# Saturday 8/7, The Gulf is Alive!



## jw1973 (Feb 8, 2009)

This is an important day in history. In 1942, the USMC landed on Guadalcanal. Here's a shout out to the Veterans living and deceased who fought on that island. My grandfather served there. It's also my Mother's Birthday. On to the fishing...

We left Little Sabine around 8 am with 2 boxes of cigs, 1 box of Northern Mack, 1 box of chum and some squid. Had a little breeze from the NW, not bad. Cleared the pass and had beautiful blue green water all the way out. Birds everywhere, fish busting bait EVERYWHERE. On the way out and on the way in, fish were blowing up bait. 

Started at the Liberty Ship, there were a couple boats there.

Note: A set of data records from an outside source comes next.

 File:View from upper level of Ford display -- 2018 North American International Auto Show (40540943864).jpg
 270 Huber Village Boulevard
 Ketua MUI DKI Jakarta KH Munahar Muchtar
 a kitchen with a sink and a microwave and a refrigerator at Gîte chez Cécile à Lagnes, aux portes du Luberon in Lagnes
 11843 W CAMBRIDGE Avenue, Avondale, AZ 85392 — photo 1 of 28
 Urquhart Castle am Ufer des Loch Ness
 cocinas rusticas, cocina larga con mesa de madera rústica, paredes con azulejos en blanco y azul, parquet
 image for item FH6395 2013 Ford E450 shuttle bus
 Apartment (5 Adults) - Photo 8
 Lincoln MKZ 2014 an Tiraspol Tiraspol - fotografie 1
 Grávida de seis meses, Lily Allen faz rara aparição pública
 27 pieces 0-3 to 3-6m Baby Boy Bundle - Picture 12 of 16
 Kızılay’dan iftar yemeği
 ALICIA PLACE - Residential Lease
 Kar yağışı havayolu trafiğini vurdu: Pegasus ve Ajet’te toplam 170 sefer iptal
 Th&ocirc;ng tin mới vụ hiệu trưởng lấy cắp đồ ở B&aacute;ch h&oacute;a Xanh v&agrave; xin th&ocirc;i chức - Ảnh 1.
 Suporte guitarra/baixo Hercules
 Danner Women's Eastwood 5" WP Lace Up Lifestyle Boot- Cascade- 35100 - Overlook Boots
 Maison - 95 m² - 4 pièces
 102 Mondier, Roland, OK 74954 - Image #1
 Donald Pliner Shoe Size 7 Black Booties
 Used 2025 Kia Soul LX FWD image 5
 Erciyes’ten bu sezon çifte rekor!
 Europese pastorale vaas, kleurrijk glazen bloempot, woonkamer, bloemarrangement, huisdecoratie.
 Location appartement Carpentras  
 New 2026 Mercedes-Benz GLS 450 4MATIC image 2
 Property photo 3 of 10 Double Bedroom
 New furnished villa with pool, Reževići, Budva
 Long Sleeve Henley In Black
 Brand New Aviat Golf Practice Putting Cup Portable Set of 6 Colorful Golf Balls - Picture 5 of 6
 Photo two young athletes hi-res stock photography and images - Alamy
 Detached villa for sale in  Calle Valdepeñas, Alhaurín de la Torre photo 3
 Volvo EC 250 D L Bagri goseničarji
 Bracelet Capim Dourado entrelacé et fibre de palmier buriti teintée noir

It's a big GOM so we moved on a couple miles S to some natural bottom. 1st fish is a 16" trigger. Great way to start the day. Then the snapper move in. For an hour or so, it was nothing but snapper, 16" - 20". Also caught an under size AJ. Started chumming, within minutes, size of fish starts to increase, all Red Snapper. Fishing on the bottom...Red Snapper. Fishing midway up...Red Snapper. Now pushing 20" - 26". 

I've seen Black Snapper school behind the boat in a chum slick but never seen red snapper do this. We had schools of Red Snapper schooling behind the boat. My bro in law took his light tackle rod, free lined a cig off the back with a wire leader and a treble hook hoping for a fun fight with a king. He get's a nice hit, fights it for a while, fish pulls drag several times. He gains a little ground and the rod tip breaks. After a few more minutes, 23" Red Snapper! I'm not kidding, hit a cig top water, rigged with a steel leader and treble hook. I bet we caught 40 Snapper. I'm not kidding. It was amazing!

The only negative of the trip was having to throw back all the snapper. When you catch 40 Snapper, 2 Trigger, 1 AJ, and 1 Gag, how is it that the snapper are protected? Yes, I know we've all asked this question 1000 times. Anyway, you know something's messed up when the angler says, dammit, another red snapper.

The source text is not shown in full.